* TASK OBJECTIVE *
What you return should be the full listing, copied exactly and stripped of its pictures.
= Beginning of Section =
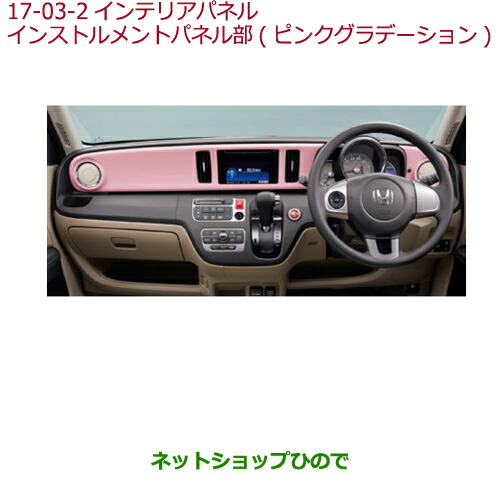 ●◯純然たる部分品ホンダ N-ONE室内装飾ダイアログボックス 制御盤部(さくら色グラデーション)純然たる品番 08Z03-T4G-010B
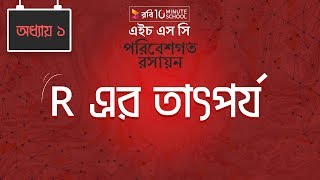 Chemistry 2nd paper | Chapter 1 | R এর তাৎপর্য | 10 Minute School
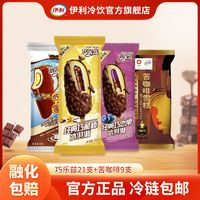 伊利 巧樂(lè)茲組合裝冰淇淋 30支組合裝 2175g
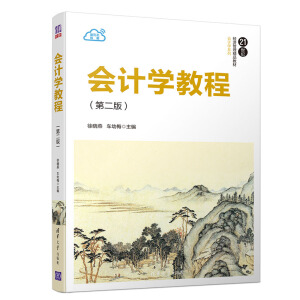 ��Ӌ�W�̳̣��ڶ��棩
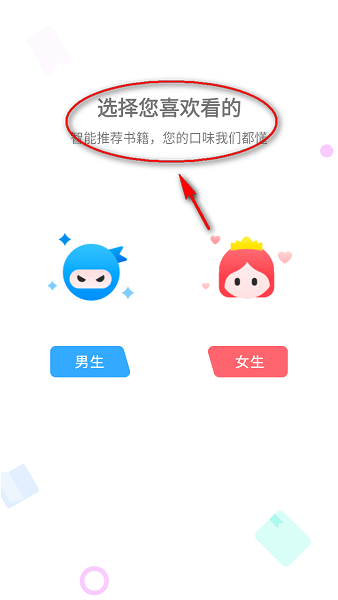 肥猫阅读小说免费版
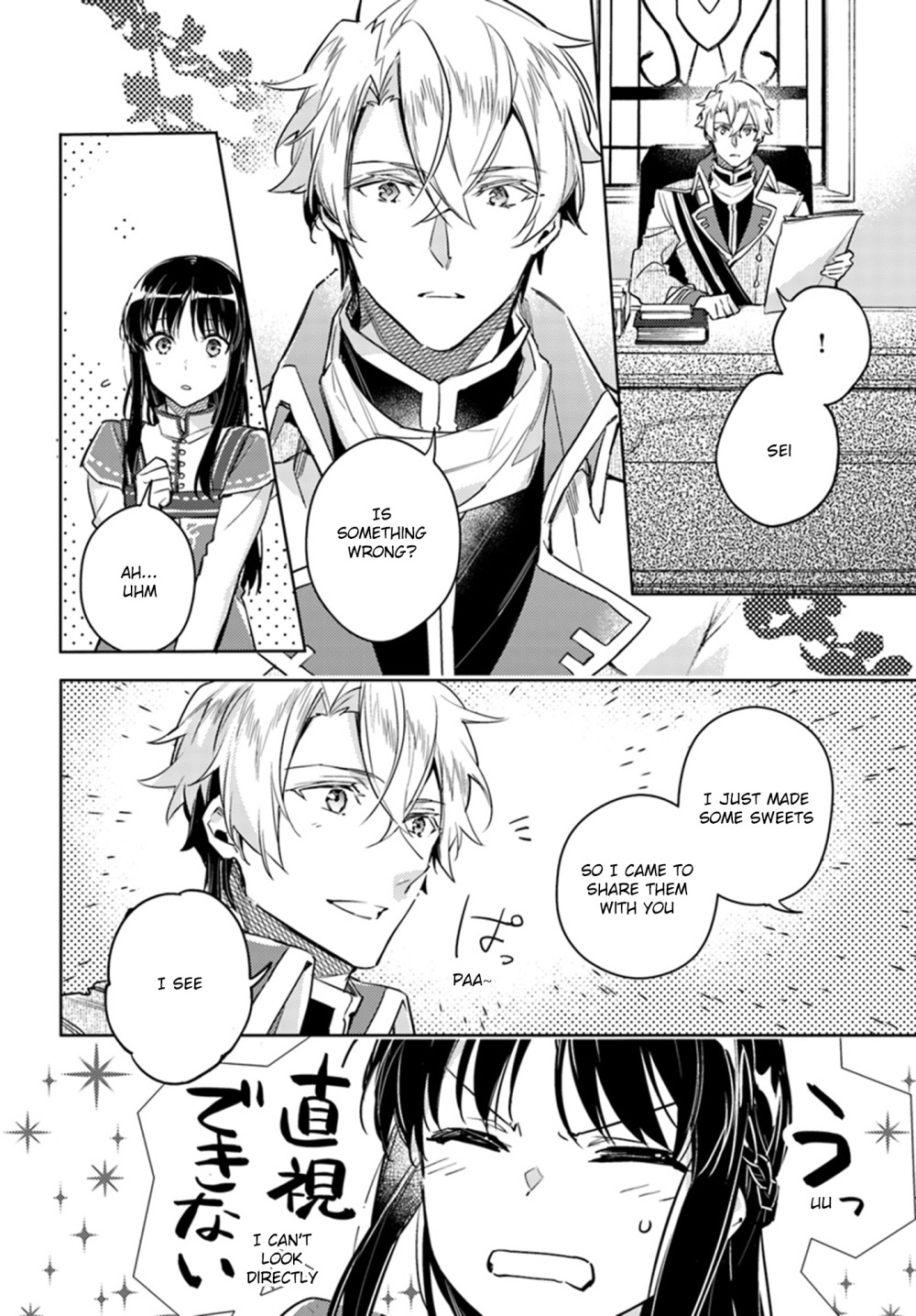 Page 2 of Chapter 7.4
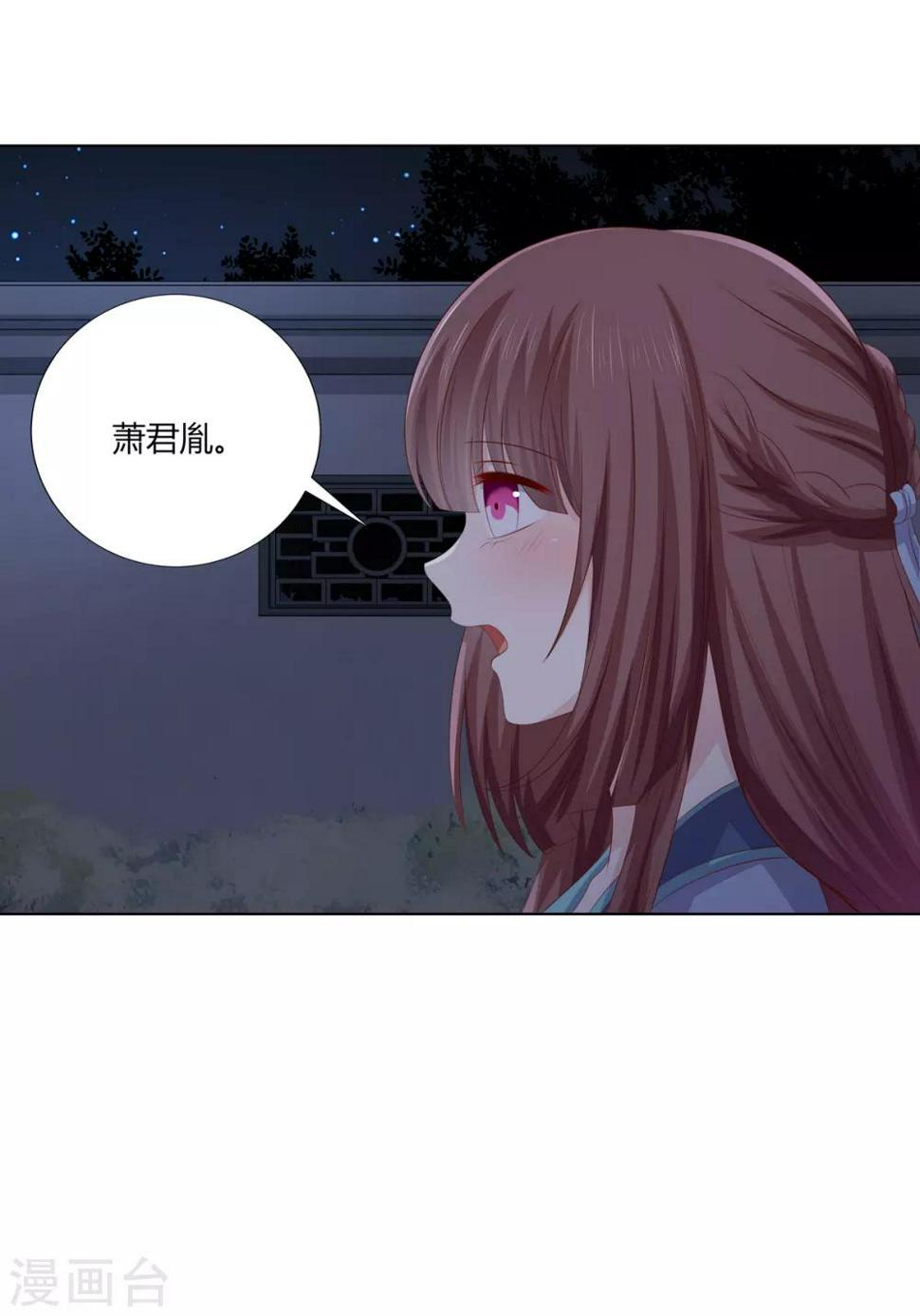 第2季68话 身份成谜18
= End of Section =
* WRITTEN ANSWER *
 ●◯純然たる部分品ホンダ N-ONE室内装飾ダイアログボックス 制御盤部(さくら色グラデーション)純然たる品番 08Z03-T4G-010B
 Chemistry 2nd paper | Chapter 1 | R এর তাৎপর্য | 10 Minute School
 伊利 巧樂(lè)茲組合裝冰淇淋 30支組合裝 2175g
 ��Ӌ�W�̳̣��ڶ��棩
 肥猫阅读小说免费版
 Page 2 of Chapter 7.4
 第2季68话 身份成谜18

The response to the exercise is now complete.